You might also contact Kent Williams at 580 SR 385 N, Wingo, KY 42088-8703, phone (270) 382-2348. I believe he is the President of KY Beekeepers Assoc and Wingo in just above KY-TN State line. I'm sure he could put you in contact with some local sources of nucs. He has a beekeeping school at his farm in Wingo in April if you are interested.

Tim


----------



## woodyard (Apr 12, 2005)

Thanks, i may check them out.


----------



## BEES4U (Oct 10, 2007)

*What size of brood chamber/*

Here is a simple and easy method:
1. Place the bees and comb in your brood chamber.
2. Make what is called a follower board.
The follower board can be made out of scrap plywood.
Make the follower board the same dimentions as a frame.
Cut out the upper left and upper right corners a frame rest.
Place the follower board against the last frame next to the cluster and move it over as needed.
3. Reduce the entrance as needed.

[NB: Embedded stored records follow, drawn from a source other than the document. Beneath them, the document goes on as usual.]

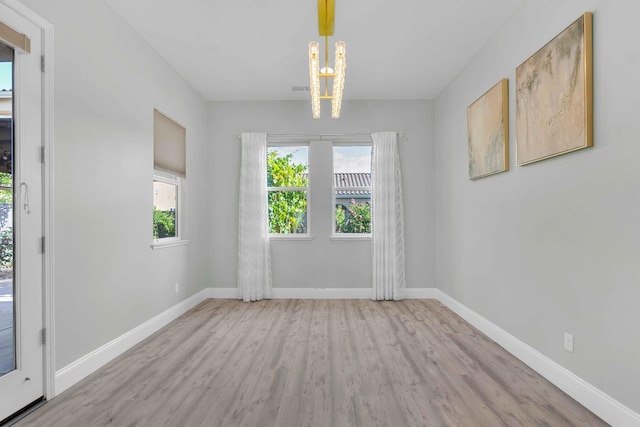 unfurnished dining area featuring baseboards, an inviting chandelier, and wood finished floors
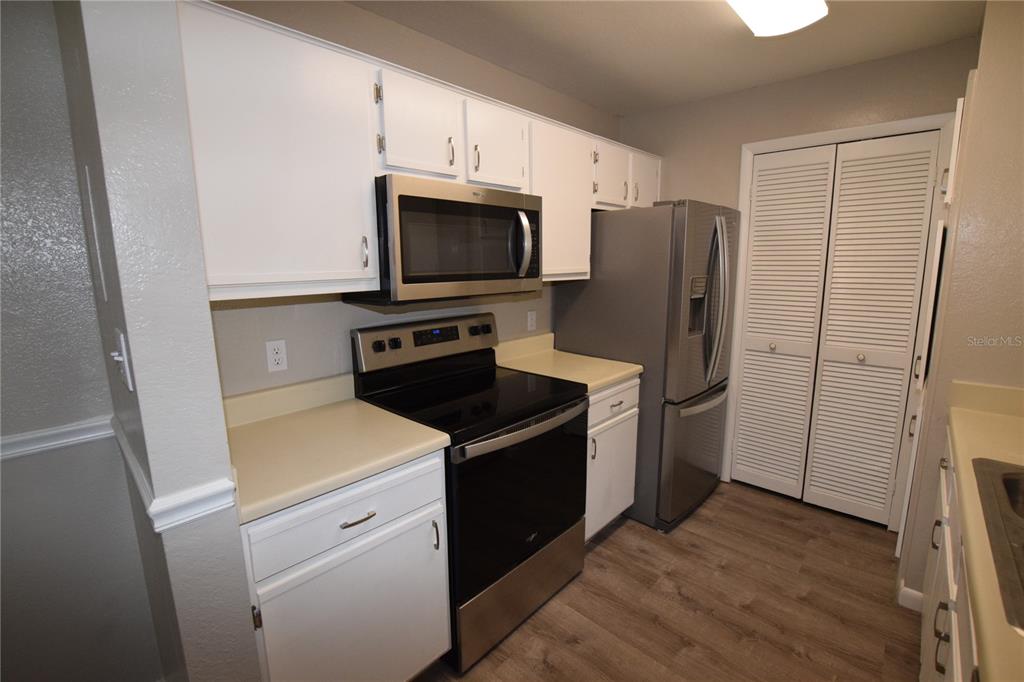 5533 Chrishire Way, Unit F201 Orlando, FL 32822 - Photo 4 of 12 a kitchen with a refrigerator stove and microwave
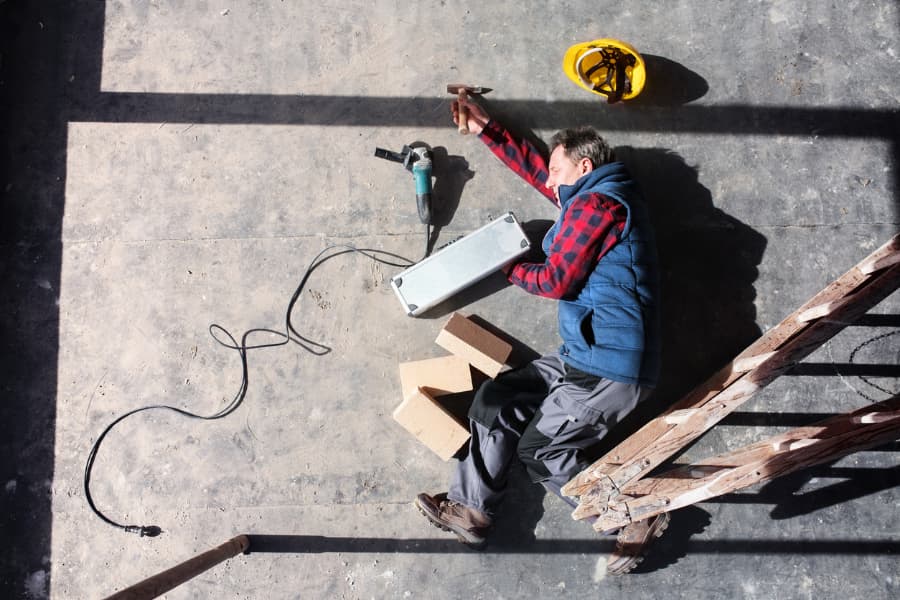 Construction worker lying on the ground after a fall off a ladder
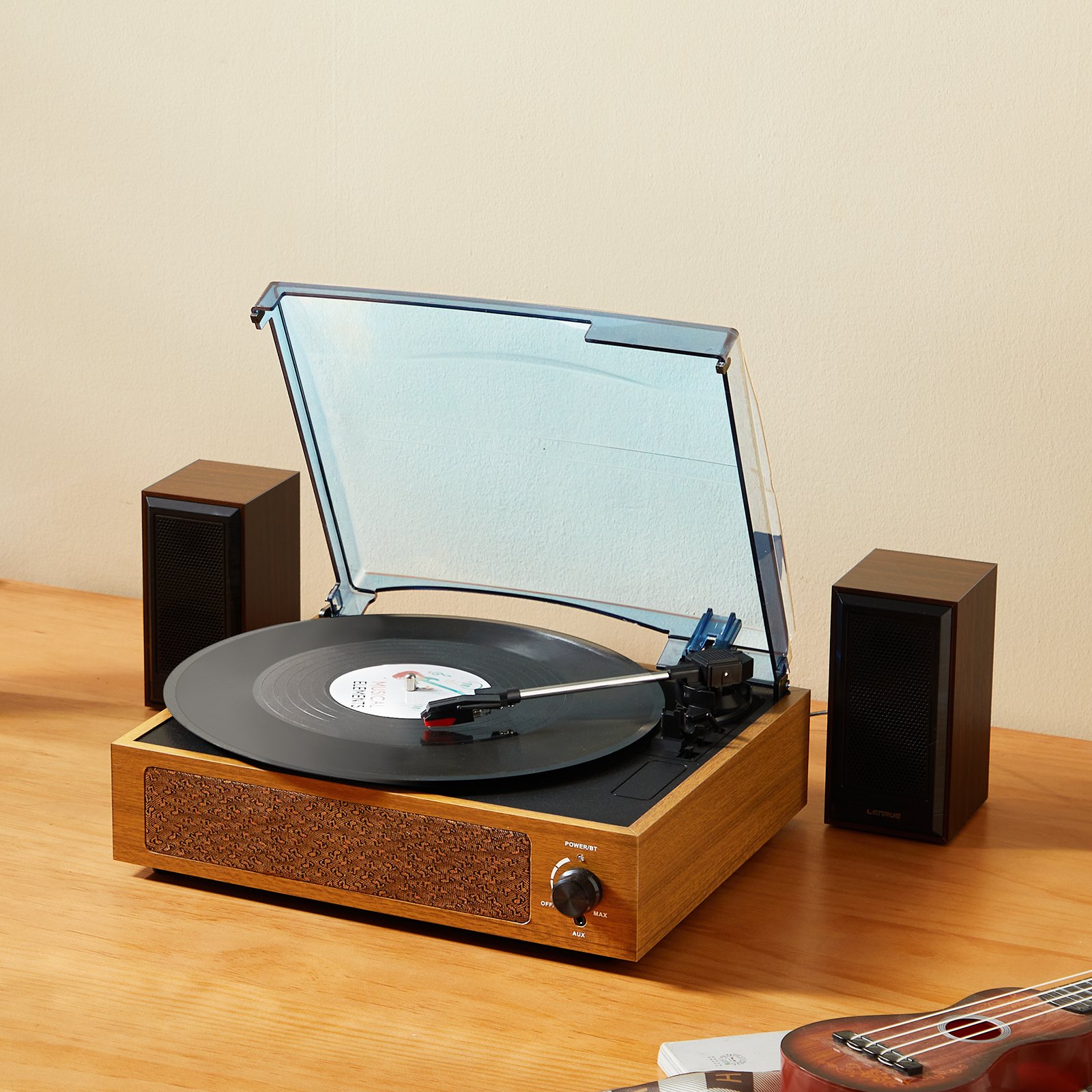 Wooden turntable playing vinyl record with speakers.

I would use a solid cleat to keep mice out.
Good Luck,
Ernie
Lucas Apiaries
April ad: page 335 American Bee Journal


----------



## jjgbee (Oct 12, 2006)

Joseph Clemens said:


> I would personally use the medium depth box and cut all other deep boxes down to medium depth. 10-frame medium supers are, for my experience, much better than deeps. Even better are 8-frame medium supers. Though I only used deeps for a few years back in the late 1960's, early 1970's, I can't help but remember wishing my deep frames were interchangeable with my medium frames, and vice versa.


Can't agree more. About 4 yrs in I went with deep bottom and med supers. Sure wish I had gone all medium.


----------